A continuum is a series or range of things that gradually change. It doesn’t have dividing points, and its extremes are quite different from one another. This term is commonly used in science to describe the properties of fluids, such as liquids, gases, and plasmas.
The Continuum Hypothesis
In the late nineteenth century, Georg Cantor invented a theory that is now known as the continuum hypothesis. He attempted to prove that it holds for all sets of reals, but he struggled. He also met with serious opposition from other mathematicians, especially those who were reluctant to accept infinite objects into their work.
The Continuum Hypothesis has become one of the most important open problems in set theory, and it remains unsolved to this day. It was considered so important by Hilbert that he placed it first on his list of “open questions” to be tackled by the 20th century.
Several seminal figures have tried to solve the continuum hypothesis, including Saharon Shelah and Godel.
Shelah’s approach to the problem centered on a new question: How many “small” subsets of a set should there be in order to cover every small subset by only a few of them? Shelah was able to use this approach to prove a variety of impressive results in cardinal arithmetic, and he also reversed a fifty-year trend of independence results.
He did this by making his universe of constructible sets as small as possible, and then using the resulting space to prove that it is consistent with the continuum hypothesis. This result did not prove that the continuum hypothesis is true, but it did prove that it is consistent with current mathematical methods.
After this achievement, other mathematicians began to wonder if the continuum hypothesis might be solvable in general, and whether we could find a model of the mathematical world that would lead to its failure. This could mean that we cannot solve the continuum hypothesis with current methods, which is what both Godel and Hilbert thought was true.
As of the mid-nineties, mathematicians were able to prove that the continuum hypothesis holds for a special class of sets called Borel sets. These sets are not the usual sets that mathematicians work with, but they are concrete.
These Borel sets are so large that they represent a vastly larger part of the mathematical universe than the usual sets that mathematicians work in. Nonetheless, it is a remarkable result that makes it more likely that the continuum hypothesis will be solved in the future.

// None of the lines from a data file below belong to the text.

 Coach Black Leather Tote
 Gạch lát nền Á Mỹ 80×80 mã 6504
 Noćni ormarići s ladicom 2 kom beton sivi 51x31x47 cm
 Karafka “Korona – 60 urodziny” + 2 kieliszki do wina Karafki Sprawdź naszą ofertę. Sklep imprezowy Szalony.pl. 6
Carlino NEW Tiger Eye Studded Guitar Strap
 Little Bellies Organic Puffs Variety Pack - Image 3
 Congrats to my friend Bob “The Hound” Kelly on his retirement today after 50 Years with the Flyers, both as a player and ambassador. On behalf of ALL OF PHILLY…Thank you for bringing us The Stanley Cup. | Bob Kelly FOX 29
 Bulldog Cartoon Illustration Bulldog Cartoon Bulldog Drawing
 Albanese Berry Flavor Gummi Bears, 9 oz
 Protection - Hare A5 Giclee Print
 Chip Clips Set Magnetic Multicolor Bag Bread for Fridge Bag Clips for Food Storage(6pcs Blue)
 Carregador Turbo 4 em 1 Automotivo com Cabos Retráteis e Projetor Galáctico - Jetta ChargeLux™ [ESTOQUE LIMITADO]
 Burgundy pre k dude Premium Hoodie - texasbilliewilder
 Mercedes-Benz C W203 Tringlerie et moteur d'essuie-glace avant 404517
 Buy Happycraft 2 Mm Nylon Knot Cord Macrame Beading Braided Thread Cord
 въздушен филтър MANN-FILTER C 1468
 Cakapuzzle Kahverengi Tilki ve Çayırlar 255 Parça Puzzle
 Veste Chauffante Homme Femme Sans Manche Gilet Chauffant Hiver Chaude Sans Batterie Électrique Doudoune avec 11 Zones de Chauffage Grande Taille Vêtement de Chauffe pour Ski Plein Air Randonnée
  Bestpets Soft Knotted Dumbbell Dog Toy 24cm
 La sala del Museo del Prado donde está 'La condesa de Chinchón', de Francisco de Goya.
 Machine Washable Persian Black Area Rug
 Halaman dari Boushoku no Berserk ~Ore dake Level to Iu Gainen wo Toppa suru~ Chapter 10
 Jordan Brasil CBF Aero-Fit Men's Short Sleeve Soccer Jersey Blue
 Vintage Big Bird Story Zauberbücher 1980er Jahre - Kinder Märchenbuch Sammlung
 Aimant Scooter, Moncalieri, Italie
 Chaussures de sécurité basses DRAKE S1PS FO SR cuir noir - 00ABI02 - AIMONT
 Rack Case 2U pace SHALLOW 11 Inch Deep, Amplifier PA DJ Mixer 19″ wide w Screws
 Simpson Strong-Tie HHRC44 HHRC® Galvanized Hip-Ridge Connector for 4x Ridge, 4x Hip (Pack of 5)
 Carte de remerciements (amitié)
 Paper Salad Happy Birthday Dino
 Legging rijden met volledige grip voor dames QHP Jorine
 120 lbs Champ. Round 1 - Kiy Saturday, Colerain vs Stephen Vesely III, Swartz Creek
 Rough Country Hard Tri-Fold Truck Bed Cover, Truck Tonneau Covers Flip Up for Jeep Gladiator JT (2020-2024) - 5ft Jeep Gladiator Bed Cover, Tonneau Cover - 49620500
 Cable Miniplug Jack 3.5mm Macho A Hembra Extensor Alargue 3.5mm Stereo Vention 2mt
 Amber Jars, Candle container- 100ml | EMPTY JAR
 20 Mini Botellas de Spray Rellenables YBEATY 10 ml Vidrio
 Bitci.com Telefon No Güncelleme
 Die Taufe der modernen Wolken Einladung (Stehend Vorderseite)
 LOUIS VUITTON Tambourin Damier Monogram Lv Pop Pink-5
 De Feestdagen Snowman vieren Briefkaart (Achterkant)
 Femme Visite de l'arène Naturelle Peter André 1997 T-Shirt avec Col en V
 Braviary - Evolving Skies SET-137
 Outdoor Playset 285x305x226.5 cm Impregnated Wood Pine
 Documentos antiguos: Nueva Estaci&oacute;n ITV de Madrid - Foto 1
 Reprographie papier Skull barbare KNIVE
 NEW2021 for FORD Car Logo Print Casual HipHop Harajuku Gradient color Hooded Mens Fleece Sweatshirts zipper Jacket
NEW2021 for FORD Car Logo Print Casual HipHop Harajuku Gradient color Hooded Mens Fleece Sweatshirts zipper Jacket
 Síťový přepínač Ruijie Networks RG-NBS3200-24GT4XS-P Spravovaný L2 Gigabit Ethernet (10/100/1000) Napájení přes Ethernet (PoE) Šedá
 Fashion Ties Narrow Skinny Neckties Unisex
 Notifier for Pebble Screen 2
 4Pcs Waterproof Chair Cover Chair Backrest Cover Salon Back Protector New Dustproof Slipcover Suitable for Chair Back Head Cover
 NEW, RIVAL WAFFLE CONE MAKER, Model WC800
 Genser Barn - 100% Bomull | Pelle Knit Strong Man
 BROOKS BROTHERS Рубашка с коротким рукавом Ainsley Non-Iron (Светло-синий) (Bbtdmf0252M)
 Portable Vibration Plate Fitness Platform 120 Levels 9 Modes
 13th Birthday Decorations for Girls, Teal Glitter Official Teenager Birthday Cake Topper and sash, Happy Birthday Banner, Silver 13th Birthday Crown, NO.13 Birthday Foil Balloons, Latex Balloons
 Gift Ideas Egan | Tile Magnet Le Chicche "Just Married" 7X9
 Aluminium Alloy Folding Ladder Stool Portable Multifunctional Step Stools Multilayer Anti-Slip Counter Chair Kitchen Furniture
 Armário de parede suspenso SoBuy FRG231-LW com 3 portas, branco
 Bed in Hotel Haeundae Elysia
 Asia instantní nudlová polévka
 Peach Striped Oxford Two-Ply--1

Moreover, by focusing on sets that are definable, rather than arbitrary sets of reals, mathematicians have been able to develop better methods for proving that the continuum hypothesis holds. In fact, this is the basis of most modern approaches to the problem.
In this way, the continuum hypothesis was able to take hold of a much wider field of study than it did in the past. It is now a central component of mathematical set theory, a field that is expanding and building on itself, rather than being stuck in its prehistory. This is a very exciting development in the history of mathematics!